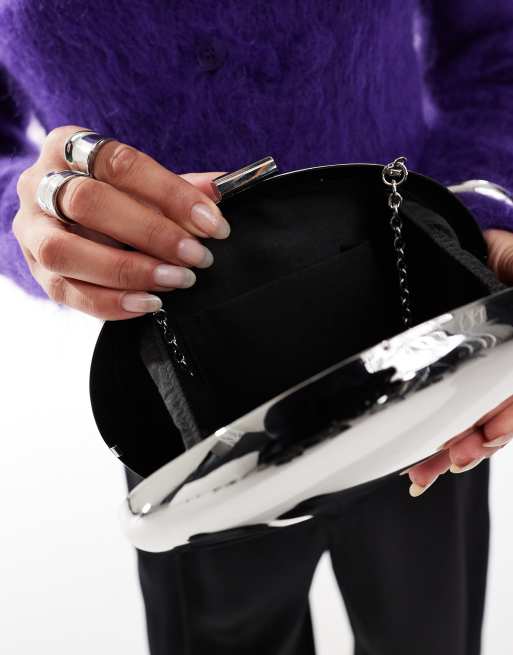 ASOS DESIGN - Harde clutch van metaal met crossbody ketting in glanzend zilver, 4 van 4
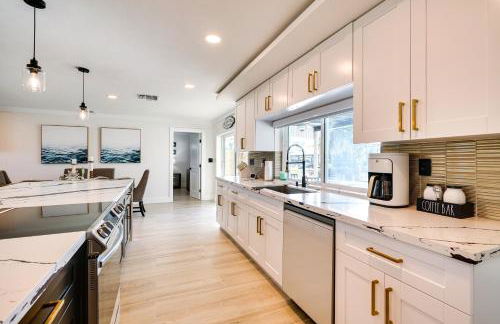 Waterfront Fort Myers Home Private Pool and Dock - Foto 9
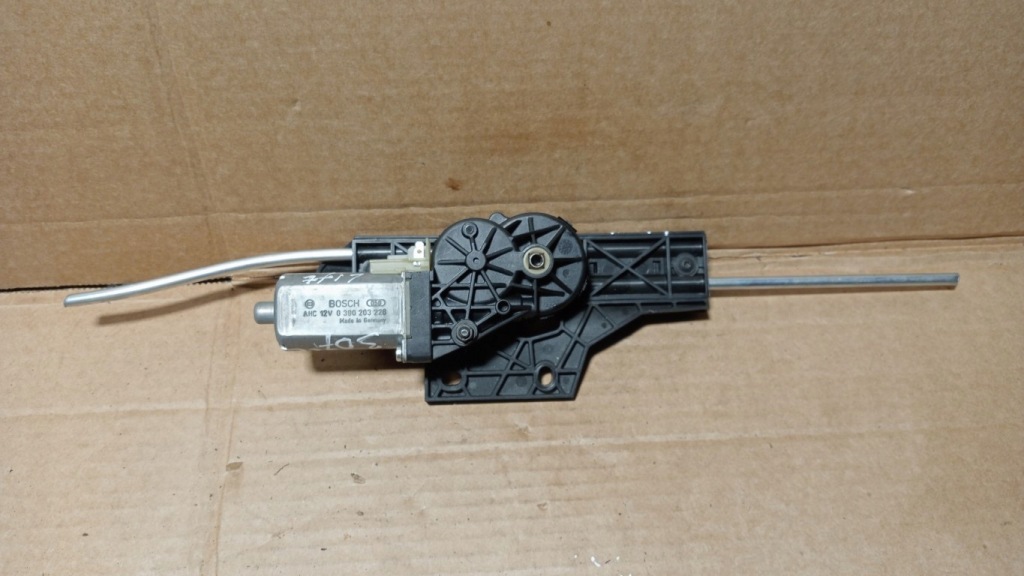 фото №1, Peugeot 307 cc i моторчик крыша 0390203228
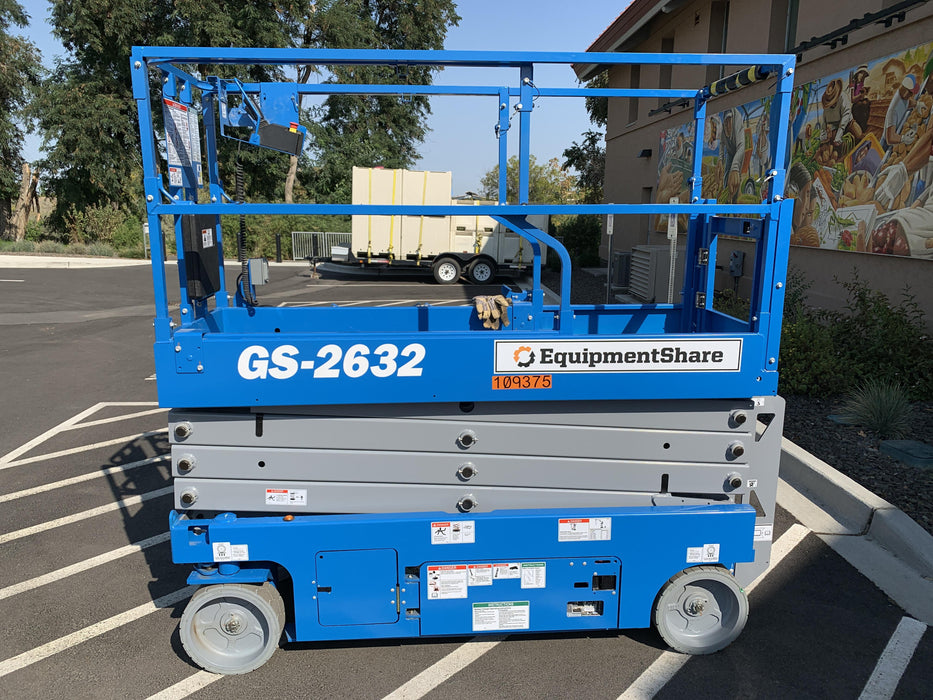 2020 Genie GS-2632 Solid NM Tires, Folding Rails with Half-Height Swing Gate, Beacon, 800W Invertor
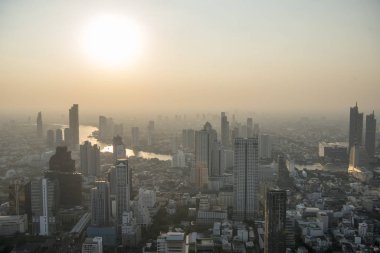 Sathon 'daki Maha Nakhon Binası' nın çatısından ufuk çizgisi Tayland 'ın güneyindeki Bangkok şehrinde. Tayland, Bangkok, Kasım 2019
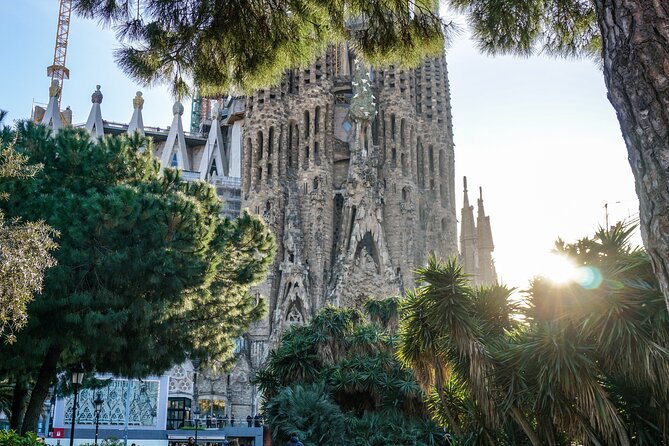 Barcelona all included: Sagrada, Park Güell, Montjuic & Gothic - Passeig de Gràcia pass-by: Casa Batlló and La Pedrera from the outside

- What the task requires: Exact duplicates of all the entries are required, and no image may appear in them.

- Written solution:
 ASOS DESIGN - Harde clutch van metaal met crossbody ketting in glanzend zilver, 4 van 4
 Waterfront Fort Myers Home Private Pool and Dock - Foto 9
 фото №1, Peugeot 307 cc i моторчик крыша 0390203228
 2020 Genie GS-2632 Solid NM Tires, Folding Rails with Half-Height Swing Gate, Beacon, 800W Invertor
 Sathon 'daki Maha Nakhon Binası' nın çatısından ufuk çizgisi Tayland 'ın güneyindeki Bangkok şehrinde. Tayland, Bangkok, Kasım 2019
 Barcelona all included: Sagrada, Park Güell, Montjuic & Gothic - Passeig de Gràcia pass-by: Casa Batlló and La Pedrera from the outside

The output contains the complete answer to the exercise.